This past week I called the Police Department after a close call with a snarling, barking, advancing dog on a dirt alleyway where I walk my dog routinely. The dog would not back off and it took a kind man carrying a big stick (I’ll call him Teddy) running from his backyard and hurling it to turn the dog away. Thank you, kind man.

Sitting in my front yard to calm down after this incident, I was then approached by the owner of the still-at-large dog. She proceeded to unload on me a verbal assault calling me every name in the book—including one that, if true, would secure my infamy alongside the wanton women of Leadville’s colorful past. After recovering from the fear she might jump over my fence and bite me, I pulled out my phone and managed to record a bit of her abuse. I included this with the report I submitted to the Police Department.

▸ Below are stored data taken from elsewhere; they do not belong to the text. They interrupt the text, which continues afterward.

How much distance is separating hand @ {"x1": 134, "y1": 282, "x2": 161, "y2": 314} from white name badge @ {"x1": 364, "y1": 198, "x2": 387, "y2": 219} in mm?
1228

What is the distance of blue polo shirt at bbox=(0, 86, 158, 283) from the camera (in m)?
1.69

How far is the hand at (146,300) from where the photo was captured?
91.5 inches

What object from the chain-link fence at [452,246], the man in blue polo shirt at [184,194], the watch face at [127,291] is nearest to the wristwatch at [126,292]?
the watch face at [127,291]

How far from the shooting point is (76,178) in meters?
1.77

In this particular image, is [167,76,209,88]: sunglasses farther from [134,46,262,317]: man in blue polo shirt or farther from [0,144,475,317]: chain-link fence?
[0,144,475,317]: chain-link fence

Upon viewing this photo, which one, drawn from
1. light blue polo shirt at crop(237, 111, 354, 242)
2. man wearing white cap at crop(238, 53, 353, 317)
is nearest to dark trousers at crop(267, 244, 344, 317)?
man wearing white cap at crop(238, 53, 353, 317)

I would like people to know that living on a street or alley doesn’t give you or your dog free reign over that public space. I, and every other person in town regardless of dog ownership, should be able to walk down any public street or alley without fear of being accosted by someone’s unrestrained pet. We should also be able to enjoy the peace of our own property without fear of being accosted by unrestrained pet owners, some who believe it is our fault when their loose dogs attack.

Several people have mentioned to me that Leadville needs a dog park. I do my best to hold my tongue lately when I consider what our town needs. Having a dog park, however, will not solve the problem of irresponsible dog owners, who would likely open their front doors and tell their dogs to be home by dinnertime.

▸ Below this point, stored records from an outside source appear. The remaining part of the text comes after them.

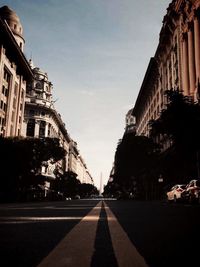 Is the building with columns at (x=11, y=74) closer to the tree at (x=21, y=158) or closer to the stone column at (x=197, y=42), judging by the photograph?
the tree at (x=21, y=158)

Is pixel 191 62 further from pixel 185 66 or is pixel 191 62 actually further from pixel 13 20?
pixel 13 20

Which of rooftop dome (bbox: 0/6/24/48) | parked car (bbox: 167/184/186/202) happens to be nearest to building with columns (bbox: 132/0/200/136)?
parked car (bbox: 167/184/186/202)

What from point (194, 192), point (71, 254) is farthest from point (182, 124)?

Sadly, I’ve seen what happens to victims of dog aggression who have defended themselves in the past. It’s not pretty. Victims have been put on deferred judgment and told to behave for a year, and they’ve gone to jail—for protecting themselves against vicious dogs.

But that won’t stop me from protecting myself should this happen again. Sure, dogs will get loose from time to time, and I know the difference between a goofball dog who tromps up ready to play and one that’s a menace. The next dog to approach with snarling teeth on public grounds will get a blast from my new pepper spray, and if that lands me in jail, well, I guess I’ll have another unique experience to write about.

Leadville is going to the dogs and it’s past time to take action. We have only one code enforcement officer doing the best he can, but there’s no way he can keep up with the number of blatant violations occurring with increased frequency on our streets and alleyways.

If you own a dog, friendly or not, it’s your responsibility to ensure that it remains secure on your property whether you are home or away. Even a friendly dog can be provoked under certain circumstances. If you witness roaming or neglected dogs, please report them immediately. Perhaps after a fine or two, irresponsible owners will think twice about neglecting their dogs.

I would suggest carrying something with you for protection when you are out walking, with or without a dog. I was thankful for the kind man with the stick who came to my rescue.

Even if you are walking your friendly dog on a leash, please don’t assume my dog wants his butt sniffed while we’re out taking care of business. I’ve witnessed friendly initial greetings escalate to aggression when one dog decides he’s had enough. And as a side-issue, there are no poop fairies in town, so please don’t pretend you’re unaware of the piles your dog dumps every day.

I won’t walk my dog again without pepper spray, so if you love your dog, keep him safe. If I end up in prison for defending myself, I might be authorized one call. It will be to someone who’s willing to walk my dog. Any takers? Don’t worry—my dog’s friendly.